The Great Contamination: How Bots And Fake Users Can Skew An Organization's Data And Analytics

Guy Tytunovich is the founder and CEO of CHEQ, a leader in customer acquisition security.

getty

When we think of operating costs for medium and large businesses, we immediately think of heavy-expense line items like payroll, commercial real estate, vendors and suppliers. Over the past decade, however, another form of (costly) expense is on the rise — data management. A recent study by McKinsey found that "a midsize institution with $5 billion of operating costs, spends more than $250 million on data across third-party data sourcing, architecture, governance and consumption." In fact, the annual cost of data consumption alone (report generation, business and marketing intelligence, data analysis, distribution) for a midsize organization can be as high as $90 million.

Why the massive investment? Because inaccurate data loses companies money.

Back in 2016, IBM had already estimated (via Harvard Business Review) that "the yearly cost of poor-quality data, in the U.S. alone" reached an astonishing $3.1 trillion, and in 2018, Gartner, Inc. found that "organizations believe poor data quality to be responsible for an average of $15 million per year in losses." Now, with increased reliance on data, we can only imagine the macro impact that bad data is having. With all this in mind, organizations are looking to invest more in good data management to drive good business decisions. This trend becomes apparent when looking at the rapid growth of the data management market, which is projected to increase by nearly 60% from 2020 to 2025, from $78 billion to $123 billion.
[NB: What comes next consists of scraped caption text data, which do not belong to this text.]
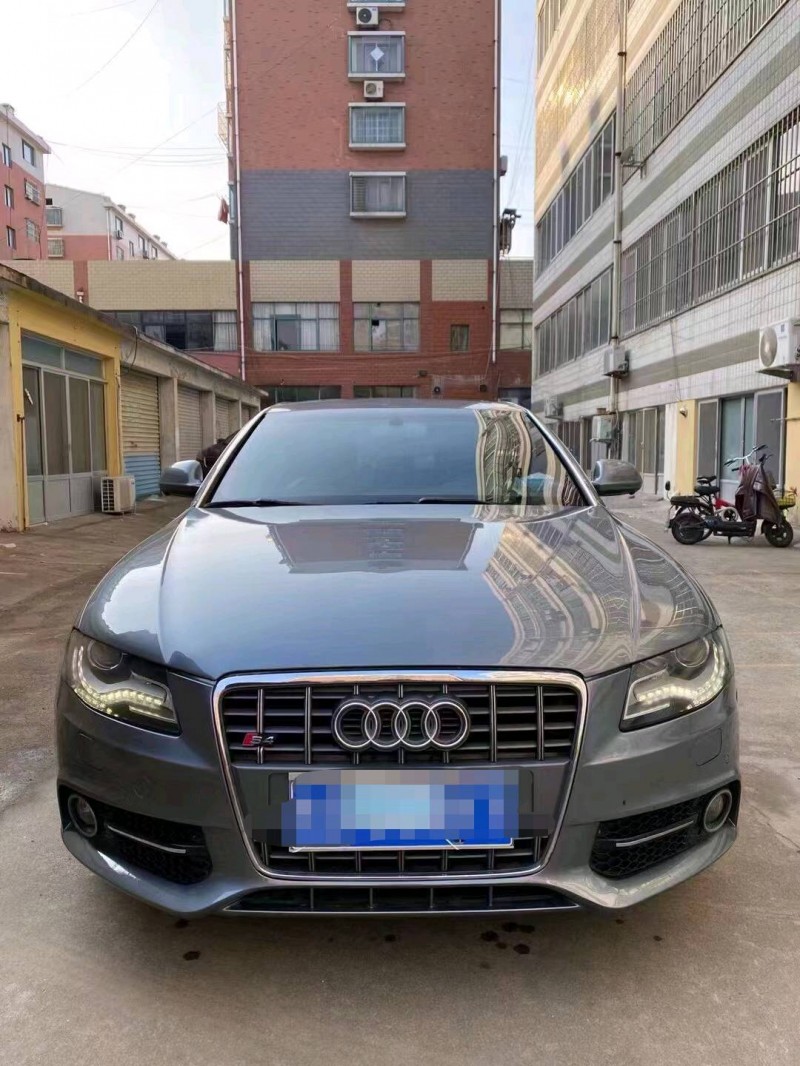 濟寧11年奧迪A4L1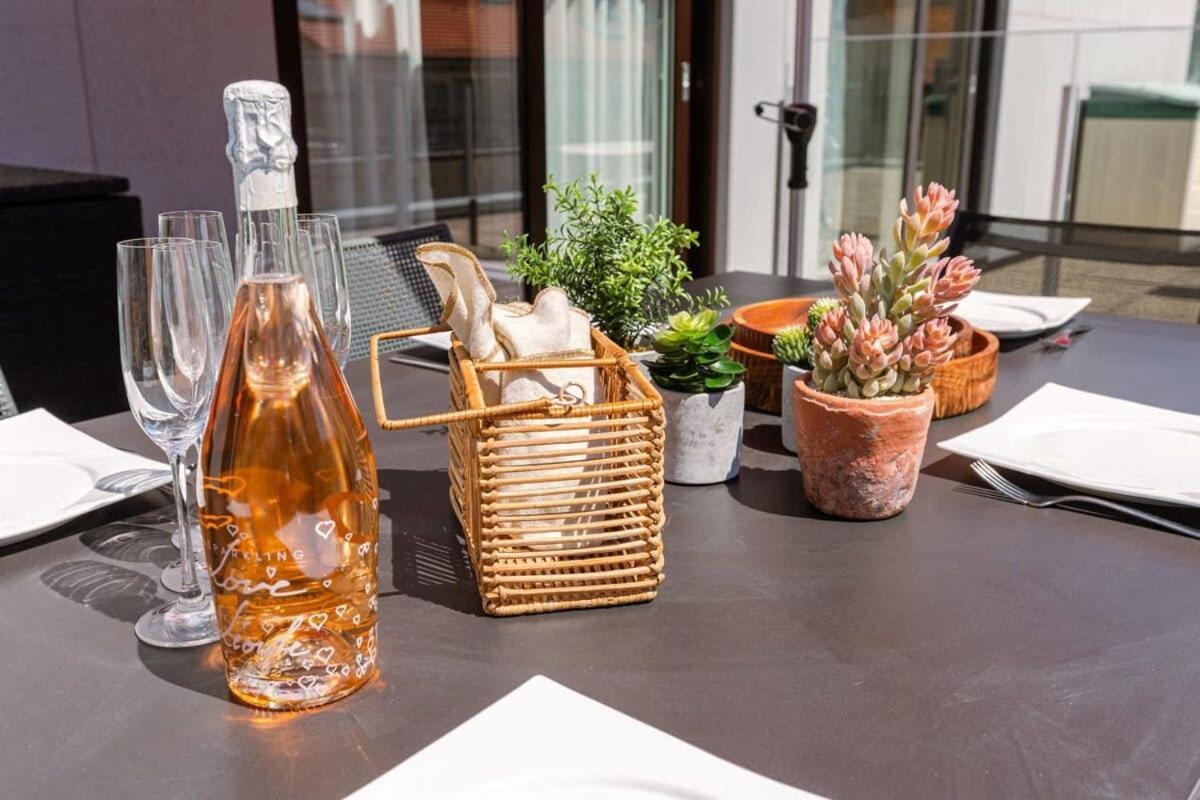Huswell - Sunny Apartment In Knokke-Heist With Big Terrace エクステリア 写真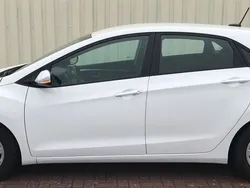Weiß Gebraucht 2017 Hyundai i30 Trend Limousine | 12.290 € (Fairer Preis)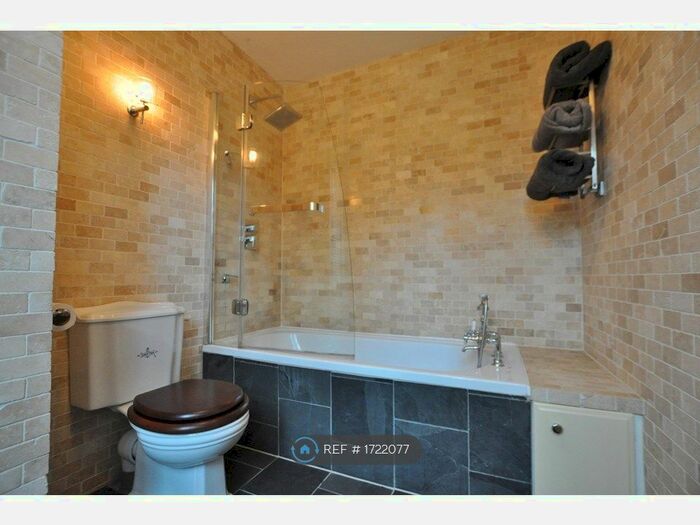 4 Bedroom Detached House To Rent In Station Road, Sawbridgeworth, CM21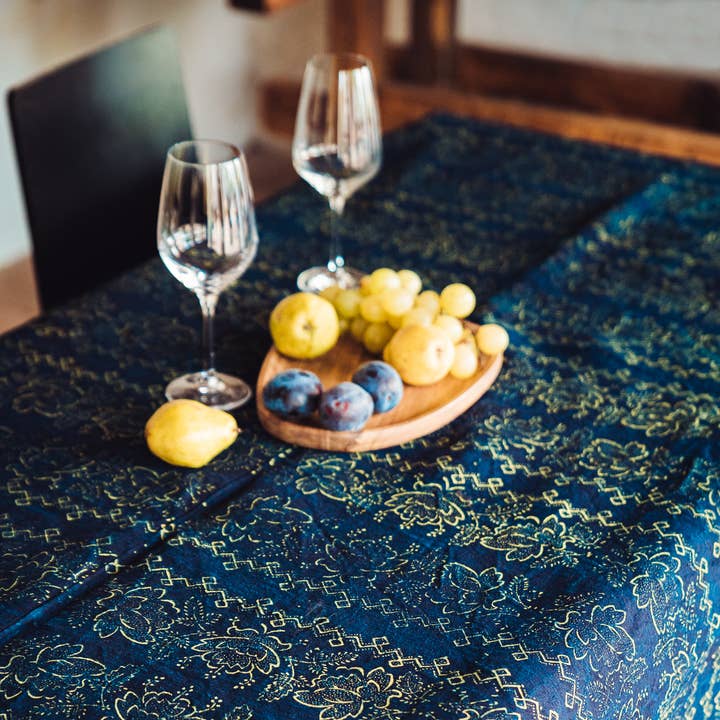 Toalha de mesa: Cânhamo húngaro tecido à mão antigo - TW121 por atacado de Lineage Botanica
The rise of bots, fake users and invalid traffic is jeopardizing that investment.

It's no secret that a great portion of today's web traffic is driven by crawlers, scrapers, automation tools, fake accounts, proxy users, malicious botnets, hackers, fraudsters and click farms. In 2017, The Atlantic cited an Imperva report claiming that bots accounted for 52% of all internet traffic, while some estimates go even higher than that.

For a truly data-driven organization, this poses a strategic threat. If a large percentage of all site visits, ad clicks, form fills, sign-ups, chat requests and page engagements are coming from bots and fake users, then the data that BI and marketing intelligence teams are looking at is completely skewed. Just this past Black Friday, we found that over one-third of all online shoppers were fake. Think what that means if you're running analytics for a large e-commerce site and you're not aware that one in every three site visitors isn't real.
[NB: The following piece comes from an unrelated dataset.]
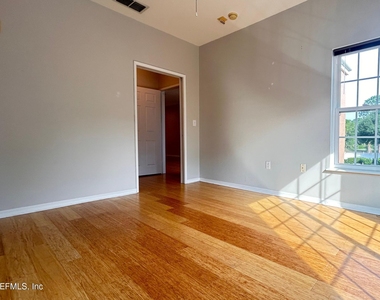 610 Fairway Drive - Photo Thumbnail 36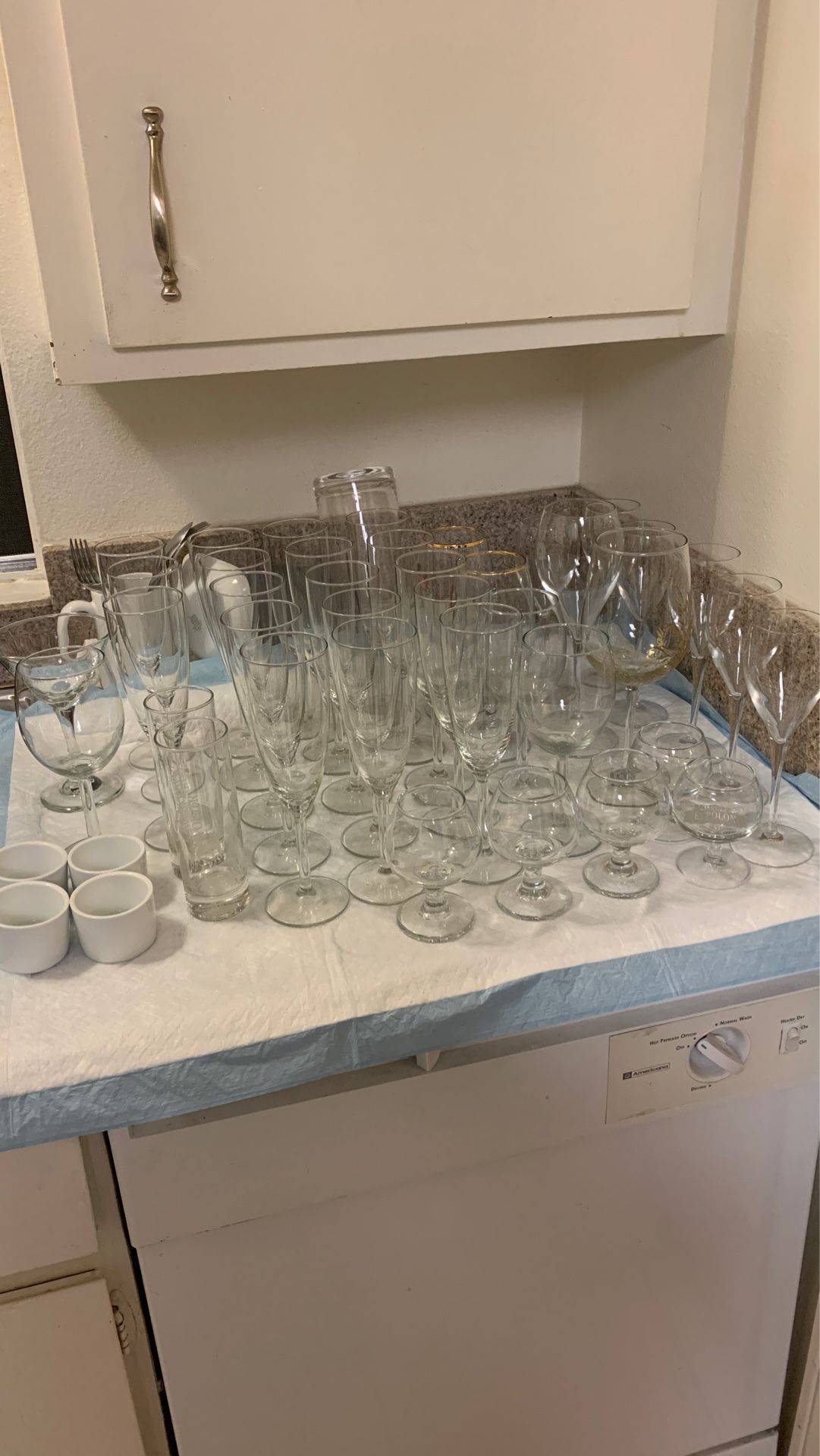 Bar glasses, wine, champagne and cognac (mixed)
Sophisticated data-driven organizations are the most exposed.

Perhaps counterintuitively, the more an organization's data operation is sophisticated, the more it is exposed to data contamination. Think of it as a body with many limbs, where each limb is susceptible to infection. Now, take your typical midsize or enterprise data operation. We're talking about a robust setup that includes customer data platforms (CDP) and data management platforms (DMP), business and marketing intelligence software, a customer relationship management (CRM) software containing all of the sales and pipeline data, audience segments for retargeting, lookalike models and much more. Every one of these databases can get contaminated if invalid users and bot traffic are allowed in.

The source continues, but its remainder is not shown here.